Mounted at /content/drive


# BERTopic installation

In [None]:
%%capture
!pip install bertopic

In [None]:
%%capture
!pip install distributed==2021.9.0

# Data

Load the data that we want to use for topic modeling.

In [None]:
# path to file location on google drive, this is where you should put the data
archive = "/content/drive/My Drive/colabnotebooks/newsapi/newsapi.zip"

In [None]:
archive_df = pd.json_normalize(
    pd.concat(
        [pd.read_json(ZipFile(archive).open(i), encoding="utf-8") for i in ZipFile(archive).namelist()],
        ignore_index=True
    )["articles"]
    #column name, if existent
)
'''
alternative: 
with ZipFile(archive) as z:
    with z.open(z.namelist()[0]) as f:
        archive_df = pd.read_json(f, encoding="utf-8")

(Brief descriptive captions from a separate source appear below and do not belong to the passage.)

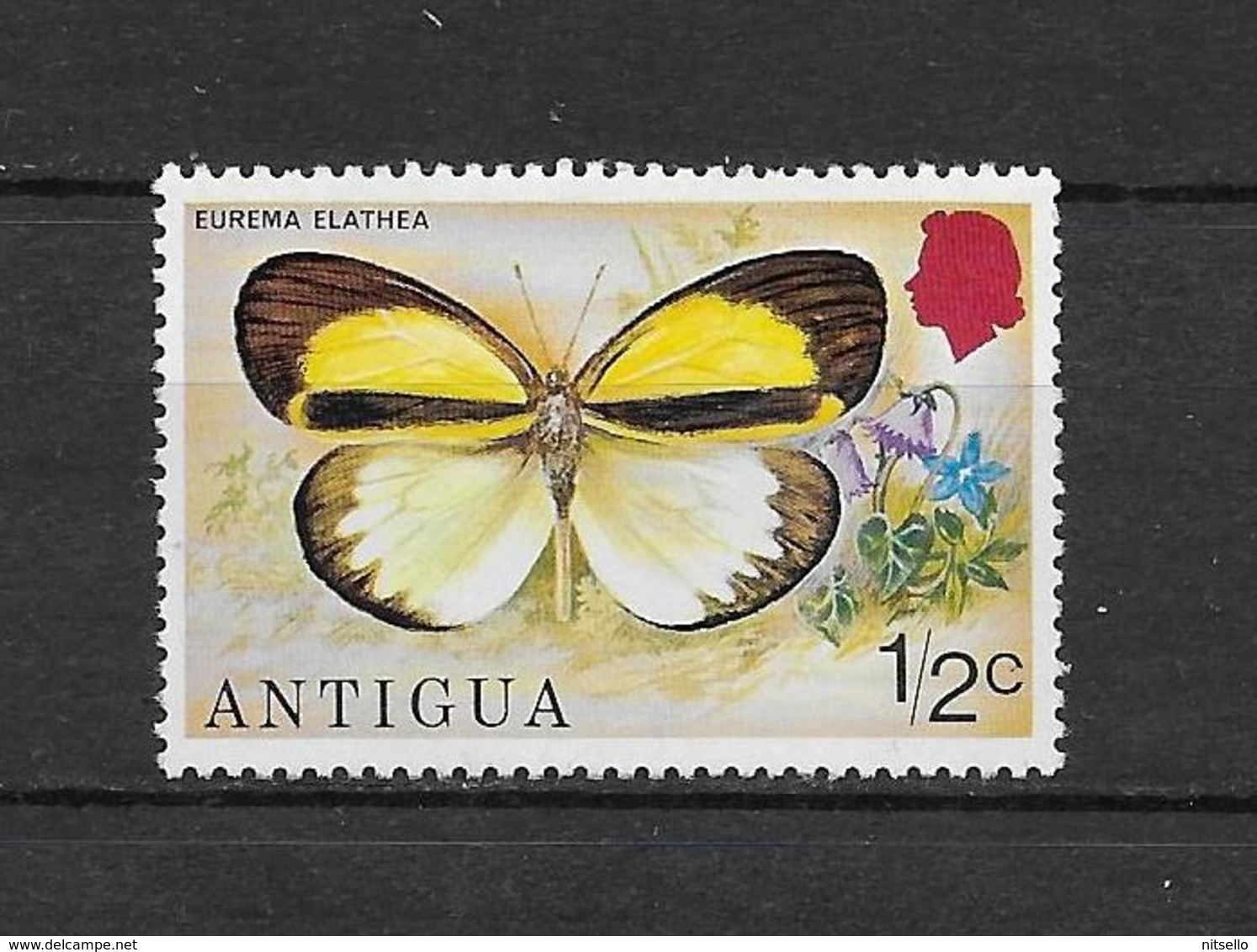 LOTE 1841  ///  ANTIGUA  **MNH - 1858-1960 Colonia Británica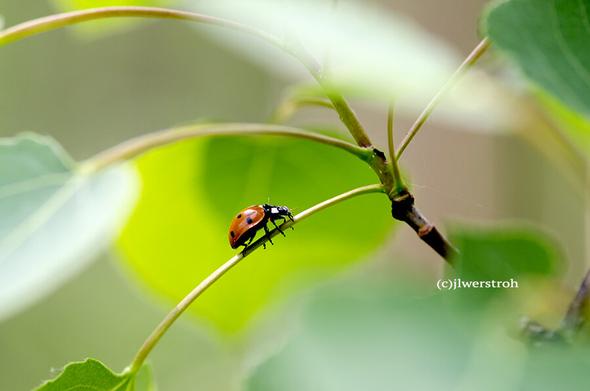 Lady bug  walking on a leaf stem. Macro shot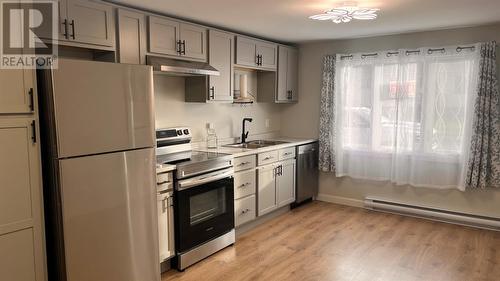 33 Meadowbrook Drive, St. John'S, NL - Indoor Photo Showing Kitchen With Double Sink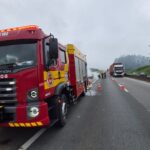 Carro é destruído por incêndio na BR-101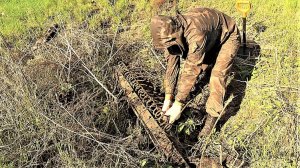 Невероятная удача! Два сброса за один заезд. Коп металлолома, вывозим весь металл.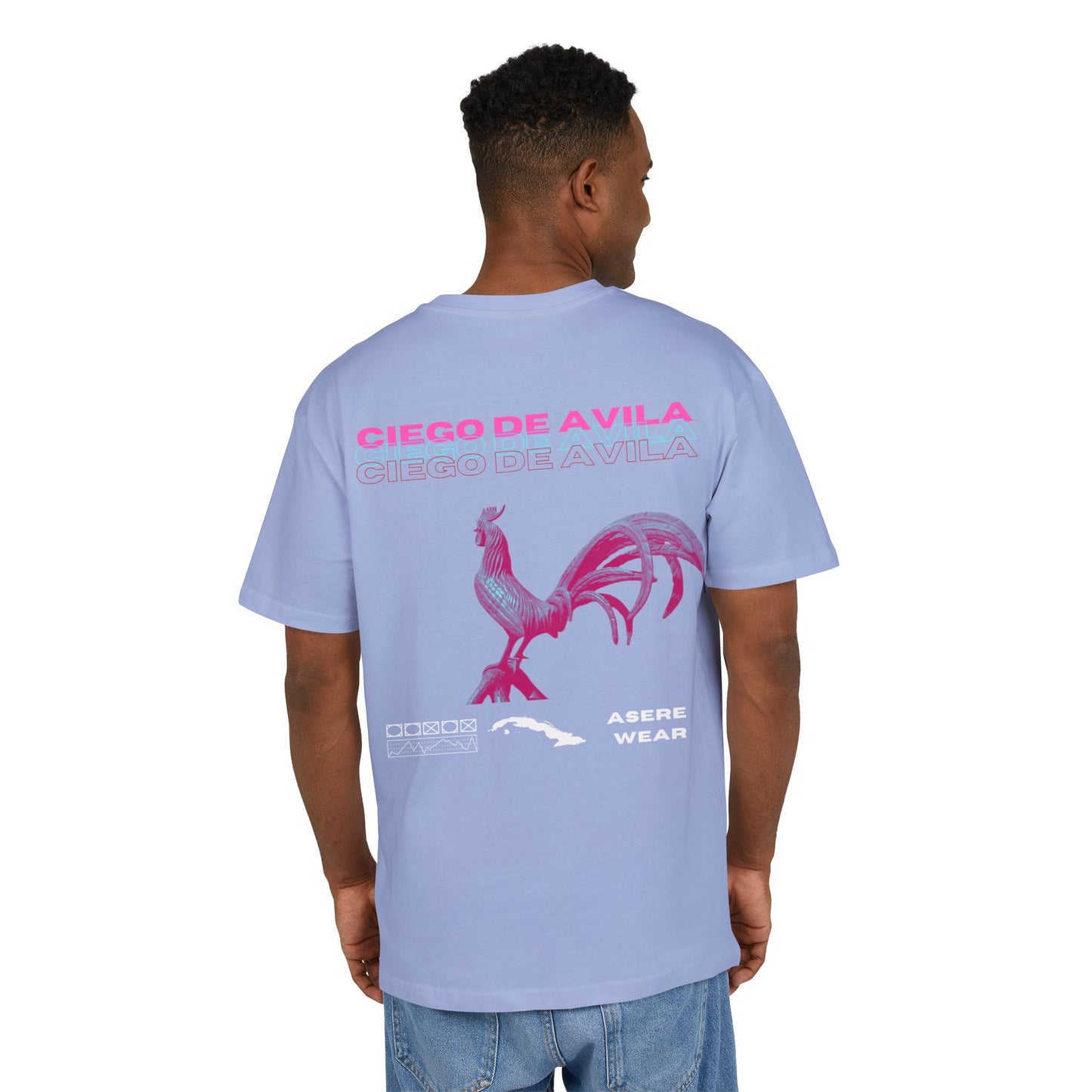 CAMISETA/PULLOVER CIEGO DE AVILA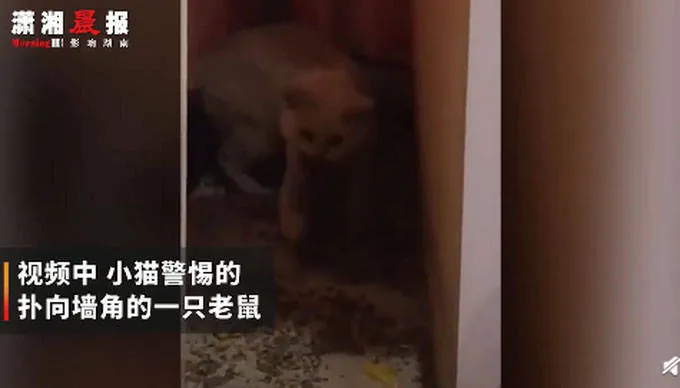 宠物猫在家捕4只老鼠整齐摆一起画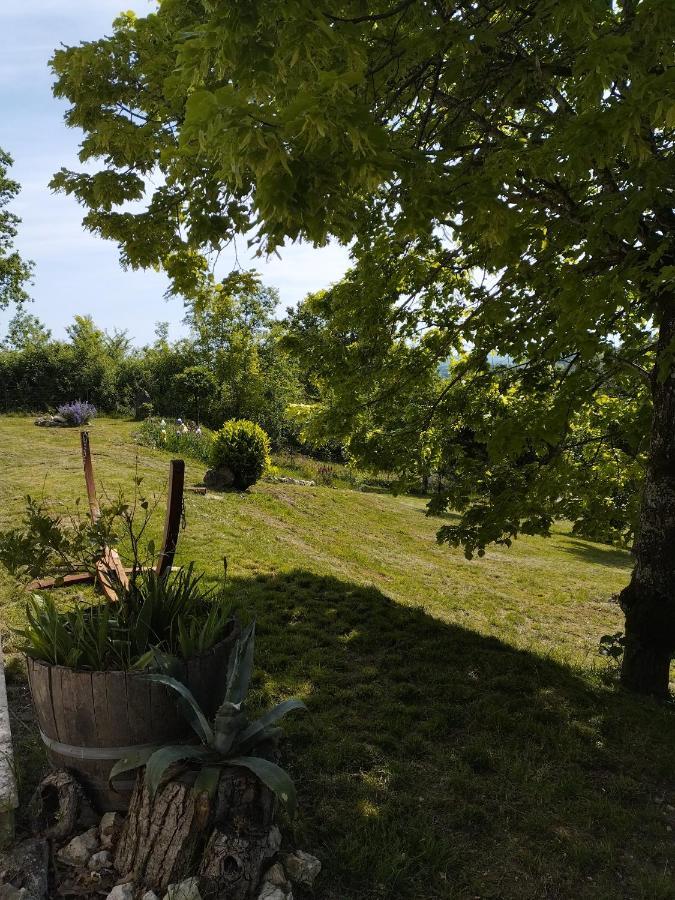 La Coste Blanque Holiday home *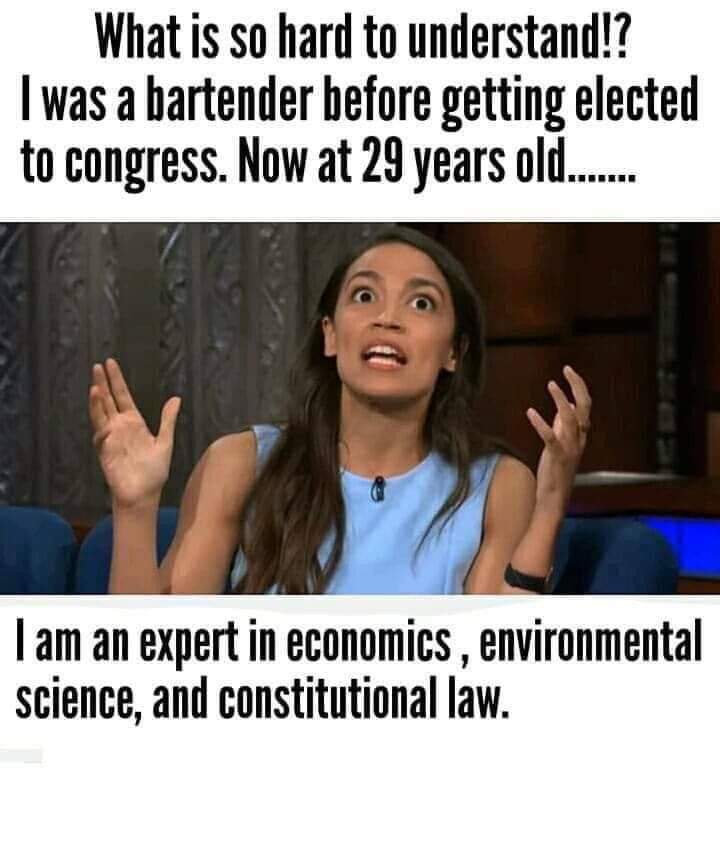 memes -  aoc memes - What is so hard to understand!? I was a bartender before getting elected to congress. Now at 29 years old. .. I am an expert in economics , environmental science, and constitutional law.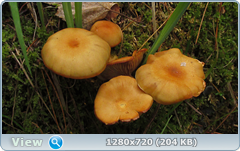 0_1073eb_542ced99_orig.png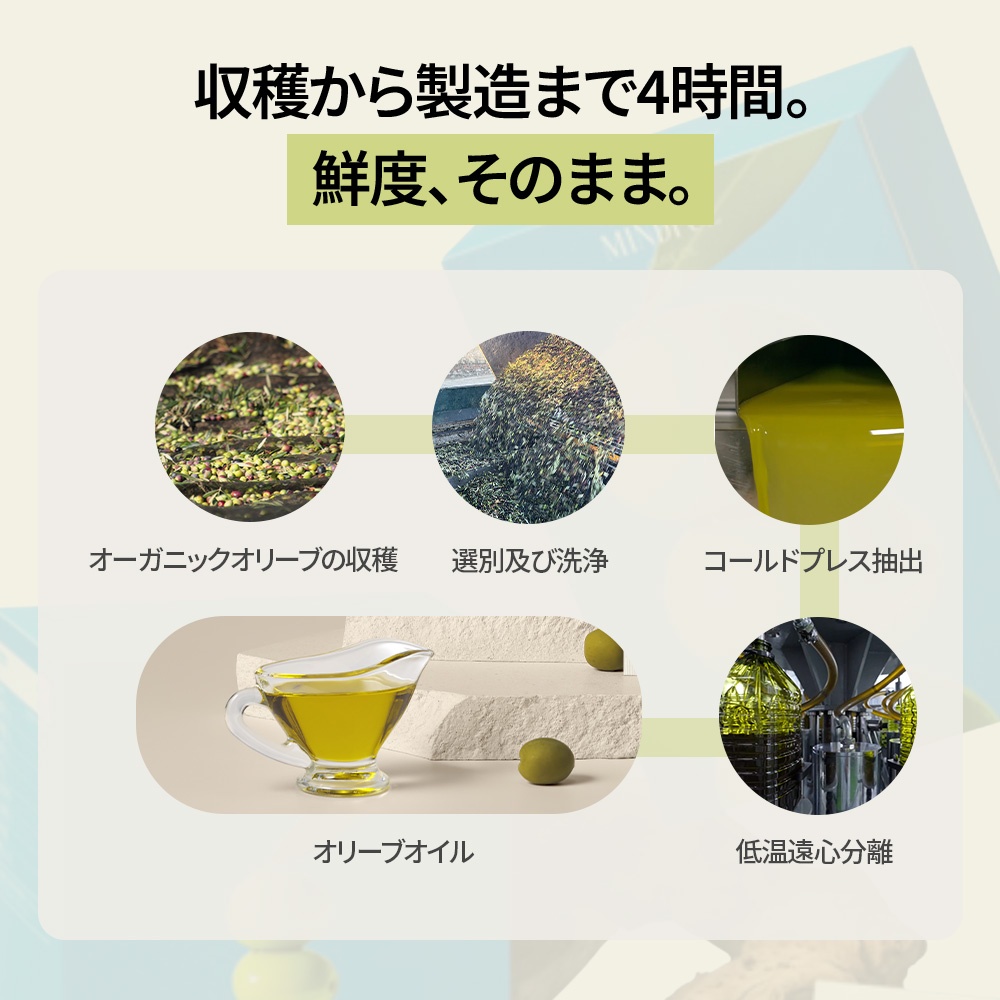 FOODOLOGY Mindful Olive Oil 1.6g X 30 Sticks (30-day supply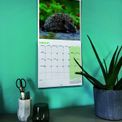 Otter House - Hedgehogs Wall Calendar 2027 additional 5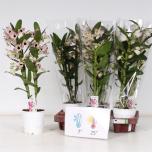 Dendrobium nobile mix 12cm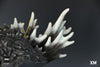 Godzilla 2001 Premium Collectibles Bust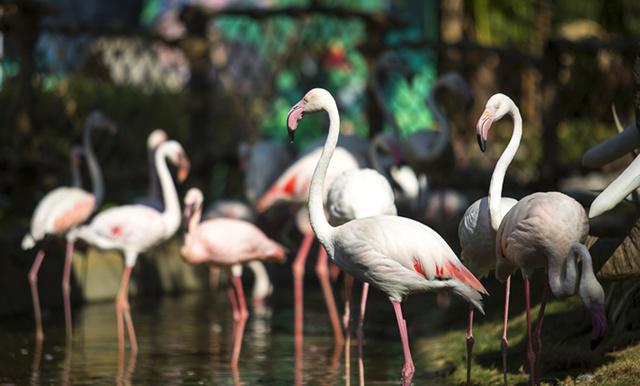 彩色动物园——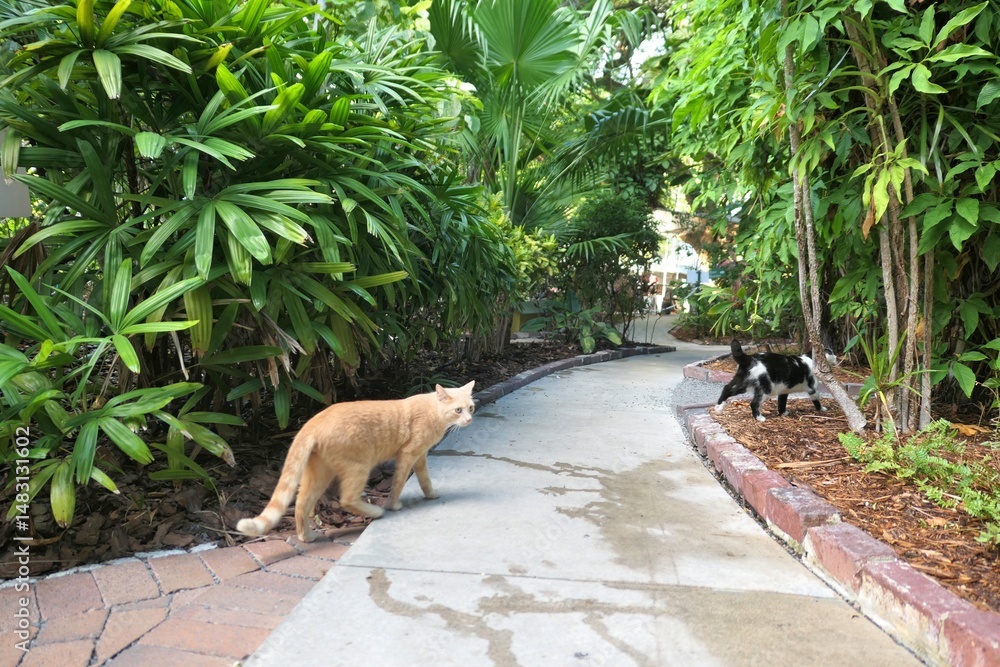 Cats at the Hemingway Home and Museum in Key West, Florida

archive_df = pd.json_normalize(archive_df["articles"])
'''

FileNotFoundError: ignored

In [None]:
# convert timestamp to something that is easier to read and work with

dates = pd.to_datetime(archive_df["publishedAt"]).dt.date
year = dates.apply(lambda x: int(str(x).split("-")[0]))
archive_df["year"] = year
archive_df.head(1)

In [None]:
archive_df.describe()

Next, we remove duplicates or empty entries.

In [None]:
# drop rows that have empty 'content' column
archive_df = archive_df[archive_df["content"].notna()]

In [None]:
# drop duplicates
# archive_df.drop_duplicates(subset="content", inplace=True)

In [None]:
# archive_df = archive_df[(archive_df["year"] == 2020) & (archive_df["source.name"] == "The Economist")]
# archive_df = archive_df[archive_df["year"] == 2019]

In [None]:
# reset the index, otherwise everything gets messed up
# archive_df.reset_index(drop=True, inplace=True)

Check the amount of texts that we have:

In [None]:
len(archive_df)

In [None]:
archive_df["source.name"].value_counts()

# Training

In [None]:
from bertopic import BERTopic

In [None]:
topic_model = BERTopic(language="english", calculate_probabilities=True, verbose=True)
topics, prob = topic_model.fit_transform(archive_df["content"])

# Extracting topics

In [None]:
# most frequent topics
freq = topic_model.get_topic_info(); freq.head(5)

In [None]:
# most important tokens for a topic
topic_model.get_topic(0)

# Visualization

Different visualization options included in BERTopic.

## Visualizing topics

In [None]:
topic_model.visualize_topics()

## Visualizing topic probabilities

The variable `probabilities` that is returned from `transform()` or `fit_tansform()` can be used to understand how confident BERTopic is that certan topics can be found in a document.

Visualize it like this:

In [None]:
topic_model.visualize_distribution(prob[3], min_probability=0.015)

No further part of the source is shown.